Drop-on-Demand IJ Printing

Ink Jet Printing Methods

Ink Jet printing is a non impact dot matrix printing technology in which droplets of ink are jetted from a small aperture directly to a specified position on a media to create an image. There are two methods of ink jet printing with many variations within each. The first ink jet printing method discovered was continuous ink jet printing whereby a continuous ink stream is broken into droplets of uniform size and spacing and an electric charge is impressed upon the drops selectively. The charged drops when passing through an electric field are deflected into a gutter and recirculated while the uncharged drops fly directly to the media to form an image.

The second ink jet printing method is drop-on-demand ink jet printing. A drop on demand device ejects ink droplets only when they are needed to create an image on a media. This approach eliminates the complexity of drop charging and deflection hardware as well as the inherent unreliability of ink recirculation systems required for continuous ink jet technology.

DOD Methods

There are four methods of drop on demand ink jet printing; thermal, piezoelectric, electrostatic and acoustic. Most if not all of the ink jet printers on the markets today use either the thermal or piezoelectric principal. Thermal ink jet printing is a method whereby ink drops are ejected from a nozzle by the growth and collapse of a water vapor bubble on the top surface of a small heater located near the nozzle.

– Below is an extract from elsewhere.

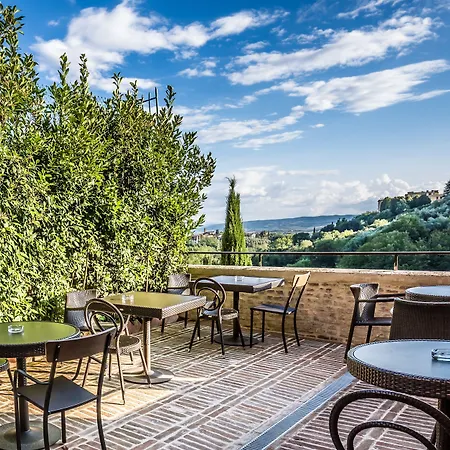 Del Sole 4* Sienne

The simple design of the thermal ink jet printhead and its semiconductor compatible fabrication process allows printheads to be built at low cost. The ability to discard the printhead after its short print life span is the primary reason for its dominance in relatively low ink usage markets such as home and office printing.

Piezoelectric methods are named after the deformation method of the piezoceramic used in the device. The four methods include squeeze, bend, push and shear. Squeeze mode ink jet can be designed with a thin tube of piezoceramic surrounding a glass nozzle. In a typical bend mode design, the piezoceramic plates are bonded to a diaphragm forming an array of bilaminar electromechanical transducers. In a push mode design as the piezoelectric rods expand, they push against the ink to eject the droplets. The shear mode design deforms the piezoelectric against ink to eject the droplets. In this case the piezo becomes an active wall in the ink chamber. Interaction between ink and piezoceramic is one of the key parameters of a shear mode printhead design.